By Saturday afternoon, the Stadium of Light pitch will have hosted seven matches inside just three weeks. In that time we have had days of torrential rain, two storms, a couple of deep freezes and of course, as winter marches on relentlessly, it’s darker for longer.
I don’t profess to have paid much attention during science, but I do know that for grass to grow, you need water and sunlight. It’s had a load of the former, but not much of the latter.
It is not the first time the surface has suffered. During the era of the summer concerts on Wearside, where Coldplay, Take That, Red Hot Chili Peppers and Bruce Springsteen took to the stage erected atop the Stadium of Light pitch, there would be a negative effect on the football – the whole reason the stadium was built in the first place.
This led the likes of Phil Bardsley in 2012 to brand it the worst surface in the Premier League, and the club acted quickly to rectify the situation by installing the grow-lights that are now commonplace on pitches across the top flight.
The issue seemed to go away once the concerts became less frequent, but the subject reared its ugly head in January when manager Lee Johnson, quite rightly, said it was not conducive to playing fast-flowing passing football.
And now, we are here again. Tomorrow, we play the third of three back-to-back home games, following on from the EFL Trophy games against Bradford and Oldham, and the England Women international fixture a day after Storm Arwen wreaked havoc on the North-East.
The condition of the pitch has not escaped Johnson’s attentions again, saying after the Morecambe victory on Tuesday: “The pitch is a bit heavy at the minute. The groundstaff are fantastic, but if you gave me a million pounds to spend in January, I’d spend it on the pitch.

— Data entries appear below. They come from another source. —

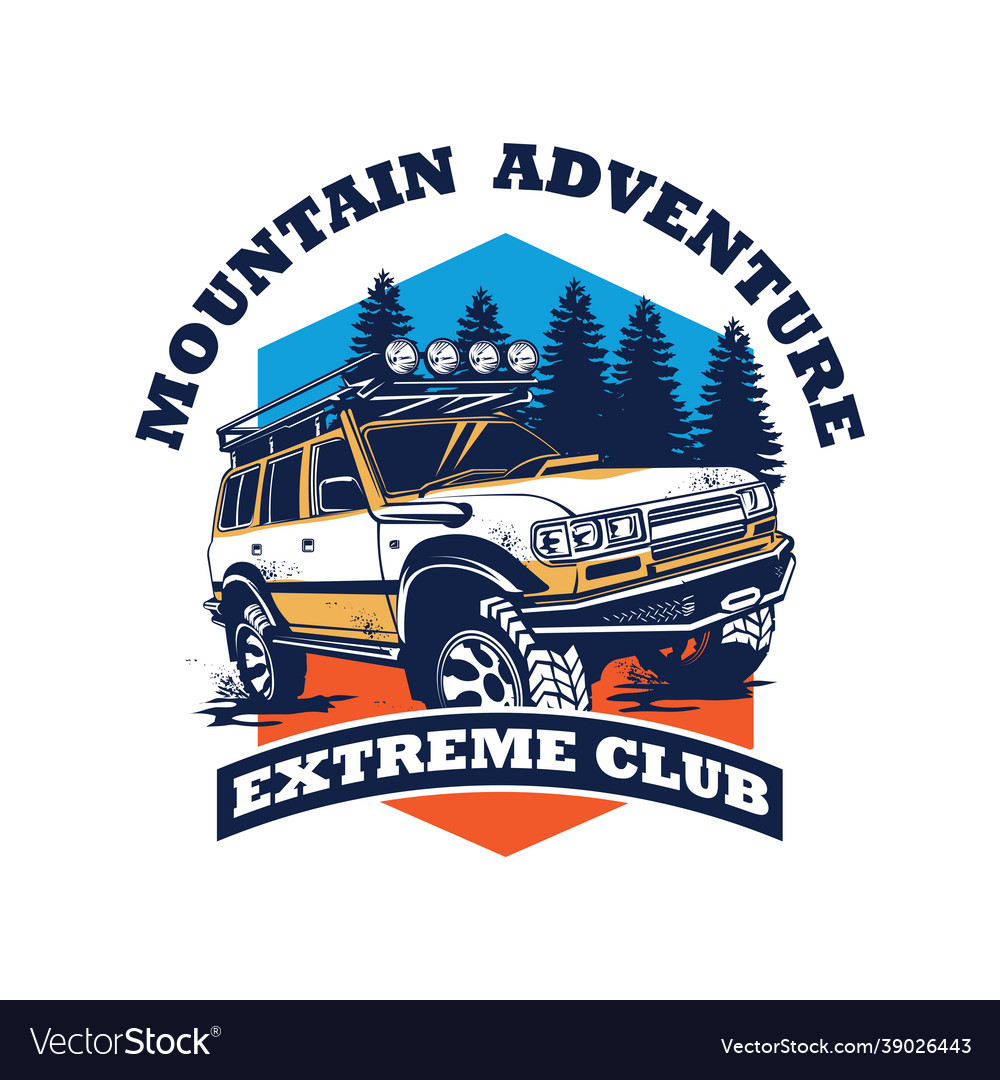 Off road adventure vehicle logo design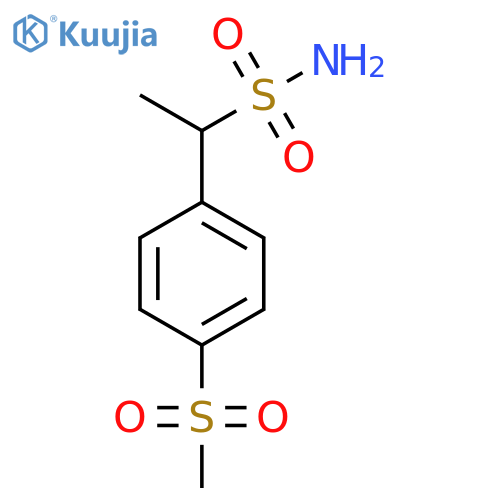 1-(4-methanesulfonylphenyl)ethane-1-sulfonamide structure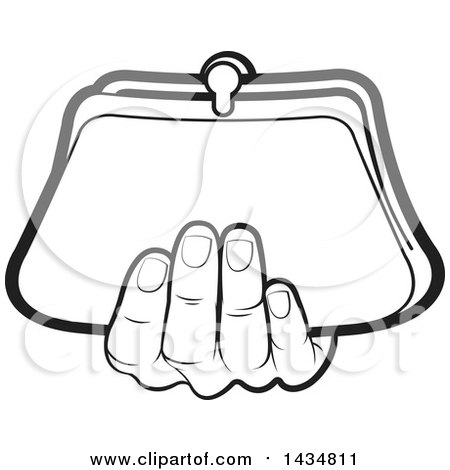 Vector Illustration Of Coin Change Purse Money Bag - Money Coin Clip Art  Black And White, HD Png Download , Transparent Png Image - PNGitem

“It’s hard to play ice hockey on a cabbage patch. It’s not that bad, the ground staff are the best I’ve worked with, but in the long term, we want that pitch that really gets us fizzing the ball around and at the moment, we haven’t got it.”
Johnson’s comments echoed those of supporters this season who have noticed the obvious degradation of the surface having a direct impact on the style of football.
It’s a slow pitch that has more bald patches than a hair clinic waiting room, and it has led to a tendency to go long at times, rather than play the short, precise, quick passes that Johnson would prefer his team to produce.
Earlier this year, it was suggested that Kyril Louis Dreyfus had sanctioned £500,000-worth of improvements to the pitch including brand new grow-lights and a new, hi-tech surface, with the suggestion of Tottenham’s palatial new stadium being the blueprint.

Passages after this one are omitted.